Food significantly more expensive: price increase slows down – Germany ticket helps

Food significantly more expensive
Price increase weakens – Germany ticket helps

The period of high prices is not over – but their further increase is slowing down, at least for the moment. Inflation in May is the lowest it has been in more than a year. However, the cost of food and travel is rising sharply.

The price increase in Germany continues to weaken. However, the cost of services and goods remains at a high level. Consumer prices rose at the slowest rate in more than a year in May. Goods and services cost an average of 6.1 percent more than a year earlier, according to an initial estimate by the Federal Statistical Office. In April, the inflation rate was 7.2 percent. Economists had only expected a decline to 6.5 percent.

The development of energy prices eased the situation: they only rose by an average of 2.6 (April: 6.8) percent, with refueling even becoming cheaper in many federal states. The 49-euro ticket for local public transport introduced at the beginning of the month also dampened inflation, as it lowered the transport costs for the more than ten million buyers.

Food prices rose again significantly by 14.9 percent, but not as much as in April with 17.2 percent. Services cost an average of 4.5 percent more than a year earlier (April: 4.7 percent). In some areas, however, price pressure remains high. Package tours, for example, rose in price by 13.6 percent in Bavaria and Saxony.

“It turns out that after the pandemic, Germans want to enjoy life again and really go on vacation despite tight budgets,” said Holger Schmieding, chief economist at Berenberg Bank. “This makes it easier for providers to pass on higher costs to consumers in these areas.”

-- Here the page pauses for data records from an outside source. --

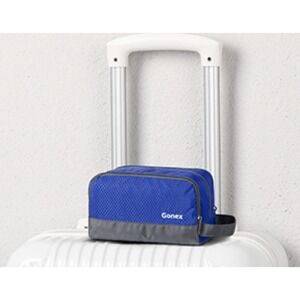 🔥 Gonex Stylish Water-Resistant Blue Travel Toiletry Bag with Compartments 10"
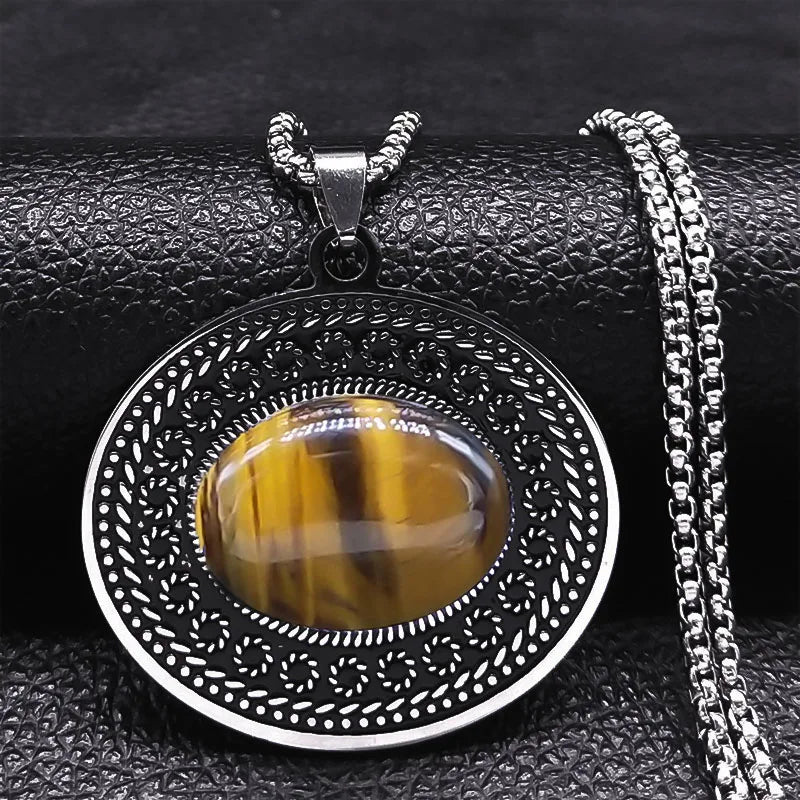 Edelstahl Böhmen Naturstein Vintage Halsketten Frauen Silber Farbe Oval Kette Halskette Schmuck Reiki Healing Geschenk N8150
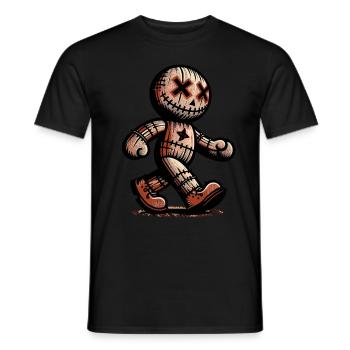 Poupée vaudou Halloween Costume Décoration Effrayant - T-shirt homme - noir - Devant - AI Model Male 178 light (178cm)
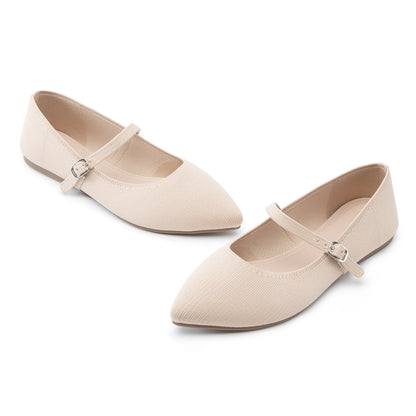 Soesyi Pointed Toe Flats Knit Ballet Flat Shoes for Women Comfortable with Adjustable Strap,Washable Dressy Casual Flats for Work Office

“It will get more complicated in the coming months”

Experts do not rule out that the inflation rate will rise again. “In the coming months it will be more complicated,” said ING chief economist Carsten Brzeski. “Because then we get base effects from the 9-euro ticket and fuel discount, which increases the inflationary pressure again.” Both were introduced by the federal government for June, July and August 2022 to relieve the burden on citizens. At the same time, gas prices are extremely low, while price pressure in the industry is easing significantly.

“However, the service sector is still very inflationary,” said the ING chief economist. That means nothing other than that suppliers there continue to screw up prices. The inflation rate could therefore move towards seven percent again in the summer before dropping to a good four percent by winter.